- The input
----------------------------------------

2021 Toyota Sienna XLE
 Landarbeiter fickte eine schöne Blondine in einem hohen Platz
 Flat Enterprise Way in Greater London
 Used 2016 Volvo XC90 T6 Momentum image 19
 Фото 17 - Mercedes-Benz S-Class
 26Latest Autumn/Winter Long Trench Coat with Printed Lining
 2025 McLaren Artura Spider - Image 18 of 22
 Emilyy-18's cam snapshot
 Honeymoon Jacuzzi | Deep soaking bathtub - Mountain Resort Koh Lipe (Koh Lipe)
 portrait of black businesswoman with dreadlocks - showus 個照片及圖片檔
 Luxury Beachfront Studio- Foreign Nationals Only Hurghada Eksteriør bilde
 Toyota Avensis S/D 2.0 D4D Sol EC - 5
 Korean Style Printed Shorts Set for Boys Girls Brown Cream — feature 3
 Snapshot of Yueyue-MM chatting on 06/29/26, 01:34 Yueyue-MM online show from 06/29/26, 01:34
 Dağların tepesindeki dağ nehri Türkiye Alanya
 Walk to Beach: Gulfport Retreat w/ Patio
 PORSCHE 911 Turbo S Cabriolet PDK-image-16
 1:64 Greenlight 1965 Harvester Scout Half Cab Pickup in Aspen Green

----------------------------------------

- Work request
A faithful, complete reproduction of the listing above is requested.

- The completed task
2021 Toyota Sienna XLE
 Landarbeiter fickte eine schöne Blondine in einem hohen Platz
 Flat Enterprise Way in Greater London
 Used 2016 Volvo XC90 T6 Momentum image 19
 Фото 17 - Mercedes-Benz S-Class
 26Latest Autumn/Winter Long Trench Coat with Printed Lining
 2025 McLaren Artura Spider - Image 18 of 22
 Emilyy-18's cam snapshot
 Honeymoon Jacuzzi | Deep soaking bathtub - Mountain Resort Koh Lipe (Koh Lipe)
 portrait of black businesswoman with dreadlocks - showus 個照片及圖片檔
 Luxury Beachfront Studio- Foreign Nationals Only Hurghada Eksteriør bilde
 Toyota Avensis S/D 2.0 D4D Sol EC - 5
 Korean Style Printed Shorts Set for Boys Girls Brown Cream — feature 3
 Snapshot of Yueyue-MM chatting on 06/29/26, 01:34 Yueyue-MM online show from 06/29/26, 01:34
 Dağların tepesindeki dağ nehri Türkiye Alanya
 Walk to Beach: Gulfport Retreat w/ Patio
 PORSCHE 911 Turbo S Cabriolet PDK-image-16
 1:64 Greenlight 1965 Harvester Scout Half Cab Pickup in Aspen Green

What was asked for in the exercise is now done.